With Thanksgiving coming up (holy crap, it’s this week, it really snuck up on me!), I thought I’d take a moment to really think about the year and to focus on gratitude. It’s too easy for me to get carried away with the hustle and bustle and stress during the holidays, and I always start off each new year feeling frazzled instead of grateful.
Stacey Andon gave me a beautiful nugget of wisdom the other day. She asked me, “How are your challenges a gift?”
Talk about blowing my mind. It’s so easy to get run down by challenges. They make life hard. They stress me out. I can think of a thousand other negative things to say about challenges, but here is the truth. Without challenges, we wouldn’t grow. We’d be the same self-centered and oblivious people that we were as teenagers. It’s through challenges, walking through the fire, that we are polished into beautiful people. Inside of each wrench thrown in your plans is a life lesson that the universe has guided toward you.

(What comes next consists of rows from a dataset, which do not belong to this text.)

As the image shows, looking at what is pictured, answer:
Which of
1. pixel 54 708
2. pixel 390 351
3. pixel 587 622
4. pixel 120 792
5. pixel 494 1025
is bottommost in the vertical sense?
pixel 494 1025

I took a long, honest look back at this past year. At the challenges I’ve faced- the big problems, the inconveniences, the stress, all the negative things that life throws at us all. And I looked at who I am today, in this very moment. The fires I walked through all had a direct impact on me- something good has come out of every single one of them. Maybe I learned something about myself. Maybe I learned something about someone else. I’m more open, more compassionate towards others and toward myself, I’m willing to work in a more focused manner, I’m more involved in the community. All positive things that I would not have experienced had it not been for the negative experiences that pushed me to move out of my comfort zones. I’ve screwed up a lot (I mean, really, who hasn’t?) and every single one of my mistakes was not a failure at ALL because I learned something. I was able to let go and move forward.
I started reading “The Seven Habits of Highly Effective People” and it has a similar theme. The concept of paradigm shifts, of being proactive instead of reactive, the inside-out way of thinking. All of these messages are so similar and have all come down on me within the same month, gently nudging me to open my eyes further to the world around me.

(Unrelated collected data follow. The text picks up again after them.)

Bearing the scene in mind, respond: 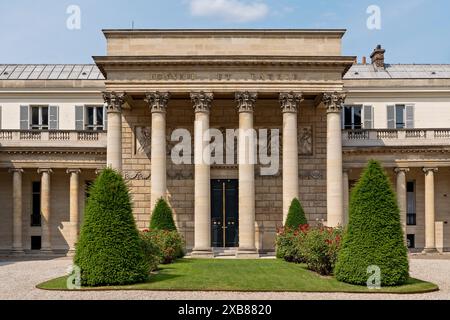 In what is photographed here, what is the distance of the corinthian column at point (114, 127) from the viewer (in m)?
45.7

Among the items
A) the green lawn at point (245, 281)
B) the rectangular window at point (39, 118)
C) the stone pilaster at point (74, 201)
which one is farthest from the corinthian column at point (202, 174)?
the rectangular window at point (39, 118)

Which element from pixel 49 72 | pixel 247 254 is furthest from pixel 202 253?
pixel 49 72

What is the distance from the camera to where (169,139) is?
49.7 metres

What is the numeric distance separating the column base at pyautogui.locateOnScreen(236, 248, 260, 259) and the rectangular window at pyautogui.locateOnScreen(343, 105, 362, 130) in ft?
54.2

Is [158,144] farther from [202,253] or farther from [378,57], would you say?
[378,57]

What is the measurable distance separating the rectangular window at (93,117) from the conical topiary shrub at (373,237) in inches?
1304

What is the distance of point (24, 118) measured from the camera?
56625 millimetres

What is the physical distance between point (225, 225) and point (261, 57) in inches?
494

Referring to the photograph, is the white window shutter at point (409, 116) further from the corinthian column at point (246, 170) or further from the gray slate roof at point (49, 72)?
the gray slate roof at point (49, 72)

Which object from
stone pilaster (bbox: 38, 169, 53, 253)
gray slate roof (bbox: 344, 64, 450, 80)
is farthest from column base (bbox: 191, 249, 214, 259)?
gray slate roof (bbox: 344, 64, 450, 80)

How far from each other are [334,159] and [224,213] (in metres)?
9.15

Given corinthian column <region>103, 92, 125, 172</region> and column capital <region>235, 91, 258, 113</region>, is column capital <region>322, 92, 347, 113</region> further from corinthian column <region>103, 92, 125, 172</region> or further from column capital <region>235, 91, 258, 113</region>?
corinthian column <region>103, 92, 125, 172</region>

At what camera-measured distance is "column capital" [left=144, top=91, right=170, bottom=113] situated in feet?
150

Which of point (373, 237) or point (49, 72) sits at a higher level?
point (49, 72) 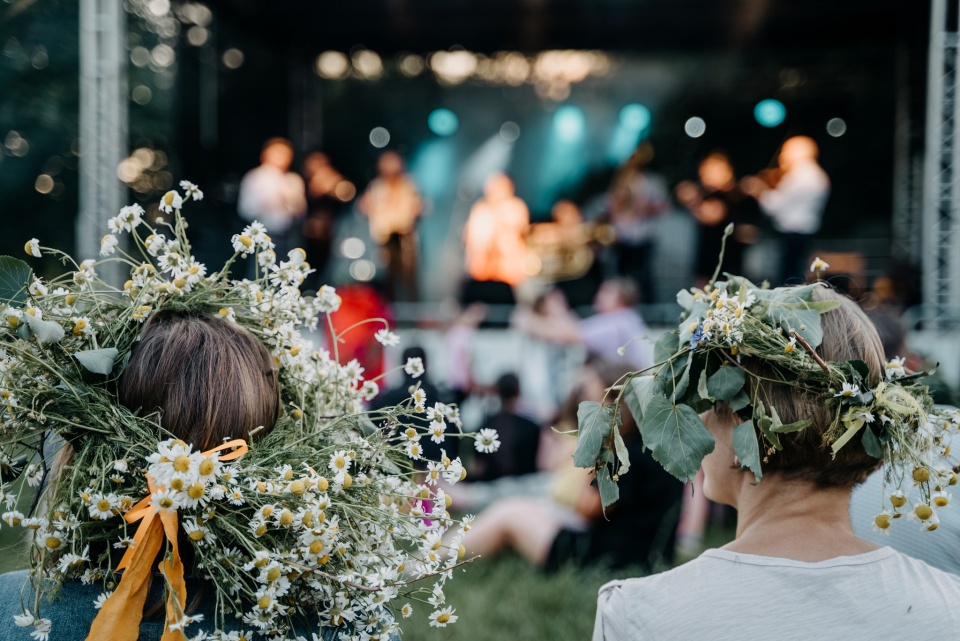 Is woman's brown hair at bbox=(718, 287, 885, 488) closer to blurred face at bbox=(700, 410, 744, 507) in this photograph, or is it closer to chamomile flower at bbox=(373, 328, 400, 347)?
blurred face at bbox=(700, 410, 744, 507)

Challenges are a gift. Stress is self-inflicted.
I’m going to say that again, mostly for my benefit. Stress is self-inflicted. Stress is my reaction to things either within my control or not. If it’s not in my control, stress won’t change it. If it’s in my control, I’m better served to do something about it rather than hold stress about it. (Easier said than done, I’m sure, but I feel good about working toward these goals)

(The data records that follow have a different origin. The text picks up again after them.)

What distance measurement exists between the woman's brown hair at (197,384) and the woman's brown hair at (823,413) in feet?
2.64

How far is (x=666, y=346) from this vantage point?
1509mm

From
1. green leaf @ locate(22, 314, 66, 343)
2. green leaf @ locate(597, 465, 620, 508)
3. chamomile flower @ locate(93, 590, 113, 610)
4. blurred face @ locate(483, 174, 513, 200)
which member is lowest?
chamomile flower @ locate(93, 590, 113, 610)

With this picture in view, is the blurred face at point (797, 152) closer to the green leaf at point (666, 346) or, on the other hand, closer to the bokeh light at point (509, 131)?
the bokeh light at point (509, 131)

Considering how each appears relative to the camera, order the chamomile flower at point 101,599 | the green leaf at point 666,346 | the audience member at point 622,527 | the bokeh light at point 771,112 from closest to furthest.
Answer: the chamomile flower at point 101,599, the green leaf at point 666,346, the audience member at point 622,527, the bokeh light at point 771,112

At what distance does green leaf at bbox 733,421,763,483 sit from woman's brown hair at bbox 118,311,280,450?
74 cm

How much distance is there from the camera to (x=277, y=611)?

This holiday season, I am going to work really hard at choosing a slower, less frenetic mentality. And specifically NOT choosing stress. Choosing to be proactive, and not reactive. This probably means- for me- more planning and scheduling. Planning downtime days, and holding them sacred. Planning specific days for putting up the tree and decorating. Days for working, and days for NOT working. Without a plan and left to my own devices, I let my anxiety rule the roost and the overwhelming feeling of drowning in to-do lists makes me snap. With careful planning, however, I realize that I don’t have to do all the things at once. I only have to do the 5 or so things on my list, knowing the rest is set for a different day.